Dans ce pays où l’industrie cinématographique est trop balbutiante pour nous raconter ces images qui nourrissent la mémoire collective. Elles rappellent à notre souvenir des sites qui n’existent plus aujourd’hui, à l’instar de l’imprimerie du gouvernement ou du superbe bâtiment de la municipalité de Port-Louis avant que le béton n’impose sa loi. Elles racontent l’évolution de nos modes de vie, à travers des artisans, des métiers anciens, et aussi par exemple avec le train qui animait nos villes et que nous tentons aujourd’hui de faire revenir, dans la douleur. Mais surtout, ces photographies mettent les Mauriciens au cœur de l’action, des hommes, des femmes et beaucoup d’enfants qui semblent fasciner l’auteur, par leur vivacité et leur apparente innocence. Ils étaient l’avenir.
Que nous disent ces enfants qui jouent, qui achètent des glaces, donnent un coup de main aux adultes, pêchent, nagent ou font leurs devoirs ? Une certaine idée du “vivre-ensemble” qui n’est plus la même aujourd’hui avec l’individualisme numérique. Jaffar Hussain Sobha les montre en effet très souvent groupés, autour d’un gâteau d’anniversaire, en train de faire la ronde ou de se livrer à quelque bataille « à cheval ». On est frappé par la chaleur qui se dégage de leurs activités, par leur sens du groupe, et lorsque le photographe dresse un portrait, il semble interroger le temps, sonder au fond de leur regard ou dans leur expression l’infinitude de leurs espoirs, tout en contraste avec nos jeunesses blasées et angoissées par l’avenir le plus souvent.
Quelques extraits du livre de Jean-Clément Cangy, Ruelle de bonne espérance, ajoutent à la délicieuse nostalgie de ces images, en racontant des habitudes d’antan et des souvenirs d’enfance. Seuls les lieux et dates de réalisation sont précisés à côté des photographies, nous laissant le loisir de leur donner le sens que nous voulons.
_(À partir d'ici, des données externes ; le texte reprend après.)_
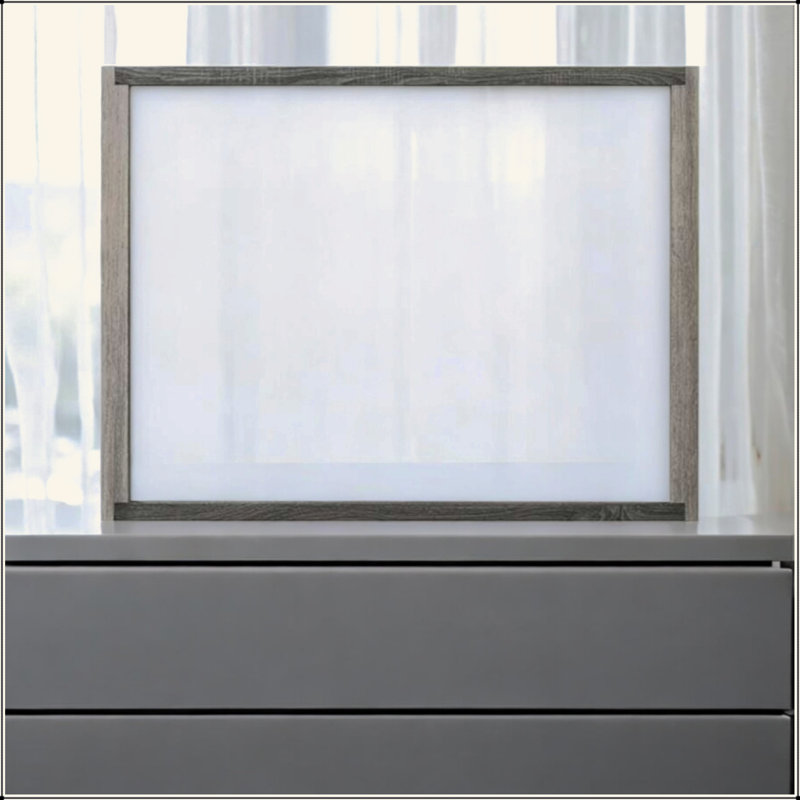 Gray Finish Mirror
Mais parfois, des légendes plus explicatives sur les habitudes du passé auraient alimenté encore davantage l’imagination des lecteurs. Des vallons à perte de vue, couverts de cultures, un hameau en bois et tôle, une modeste maison au toit de chaume ou encore cette vue plongeante sur Bois-des-Amourettes inondé de soleil nous rappelle les vertus du noir et blanc, qui ne souffre pas des faiblesses de composition tandis que la couleur tend à les masquer. Un panorama sur la Rivière des Lataniers, à Vallée-des-Prêtres, fait prendre la mesure de la plus célèbre berceuse de Maurice. Toutes les dhobee de Port-Louis semblent s’être données rendez-vous avec leurs enfants dans les eaux de cette rivière, qui sillonne une vallée aux allures enchanteresses avec sa couronne de montagnes.
Ce livre raconte aussi une époque où les salles de cinéma étaient prises d’assaut par les foules, comme le Luna Park sur l’une d’entre elles. Loin de figurer dans chaque foyer, la télévision était l’objet d’une activité collective où l’on se rassemblait dans la rue pour la regarder… Parfois, le temps s’arrête sur un événement, comme les lendemains du cyclone Alix, où Port-Louis, ses bâtiments et ses docks avaient été mis à sac par les vents. Ces événements climatiques font partie de notre mode de vie, mais s’il est dans ce livre un moment véritablement unique et exceptionnel, c’est bien ce rassemblement d’hommes, la nuit venue, unis par la même cause… Le slogan “Vive l’Indépendance” s’élève au-dessus de leurs têtes. Leurs expressions et leurs regards sont graves et longs, comme s’ils exprimaient un désir trop profond et ancien pour s’épuiser dans l’exubérance de la liesse. Cette gravité donnait la mesure de l’événement, un des plus décisifs de notre histoire, et de tout ce qu’il y aurait à construire désormais.